Without the tireless work of Nobel Peace Prize winner George C Marshall, the motor industry of mainland Europe would have taken much longer to recover after the Allies triumphed. Although nor should the financial support provided by the accumulated wealth of 6 million exterminated Jews (held in prudently lodged Swiss bank accounts during the war) be underestimated. With both these factors, oh how it recovered. In 1954, Mercedes-Benz returned to Formula 1 mid-season with its first naturally-aspirated racer, the W196. With a fuel-injected 2,499cc straight-eight developing 257hp, Juan Miguel Fangio and Stirling Moss steered the W196 (pictured above) and W196 Type Monza (an open-wheeled body used for the last ten races of the campaign) to nine victories in only twelve races between the 1954 and 1955 seasons, with Fangio alone taking 88.9% of the wins for Argentina and Mercedes. Mercedes withdrew from all motorsports, including Formula One, after the horrific magnesium, gas, benzene and alcohol explosion at the 1955 24 Hours of Le Mans that claimed the lives of 80 spectators and Mercedes driver Pierre Levegh (née Bouillon).

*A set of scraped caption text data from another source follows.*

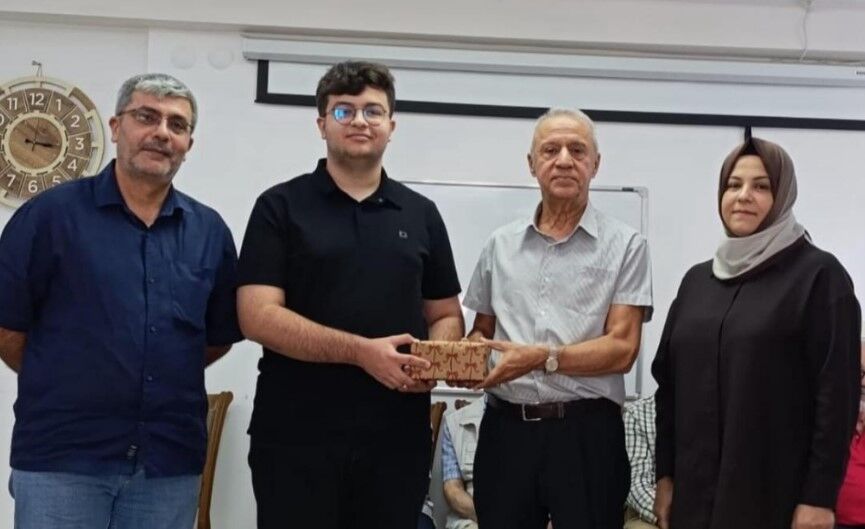 YKS Şampiyonu Miraç Koşar tercihini yaptı: Şanlıurfa Vakfı'ndan tam destek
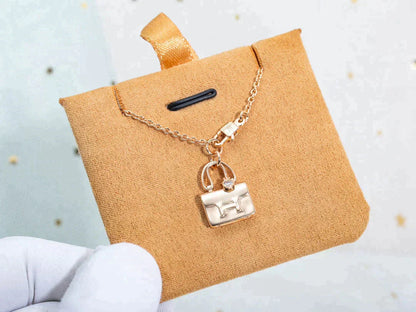 [LumiVibe]AMULETTE PEDANT ROSE GOLD NECKLACE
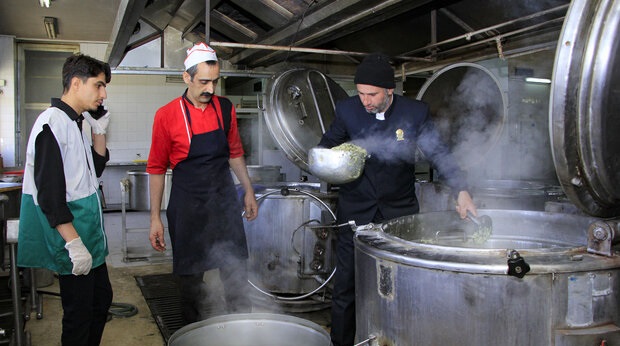 شروع به کار ۳۱۳ آشپزخانه کمیته امداد در ماه مبارک رمضان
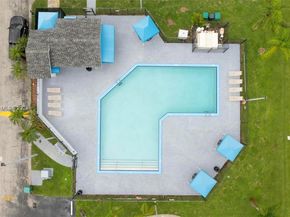 6604 SW 152nd Pl 2604, Miami FL 33193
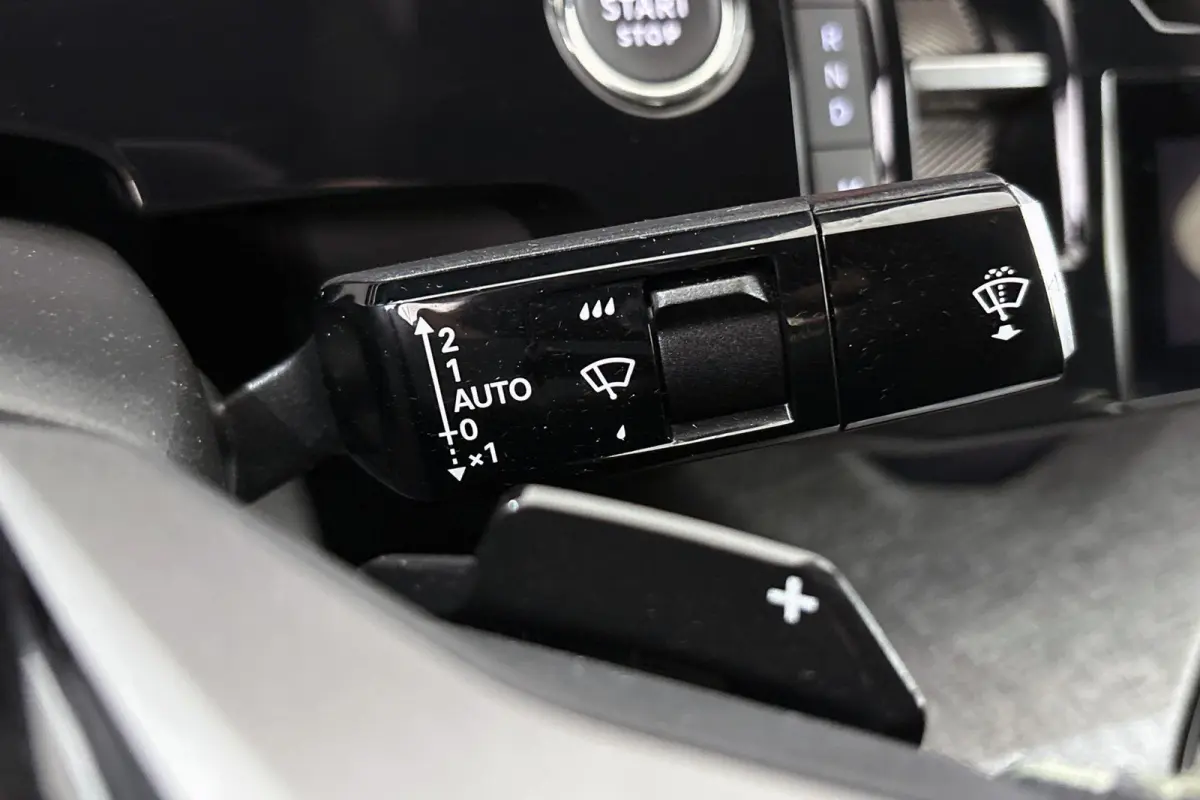 1.2 Hybrid 145 GT Stuur-Stoelverwarming 360 Camera Keyless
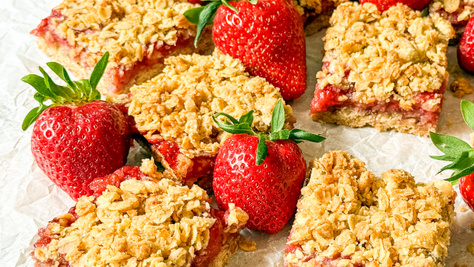 Epres morzsasüti: zabpehely roppan a tetején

So, you see, Mercedes-Benz does not affix its name to a racing team lightly. Despite the slew of young talent, shrewd strategists, and more recent experience of other teams, one venerable manufacturer is back for the first time in 55 years to wage psychological warfare on the competition. You should care (and worry).
Mercedes returns to Formula 1 on March 14 in Bahrain.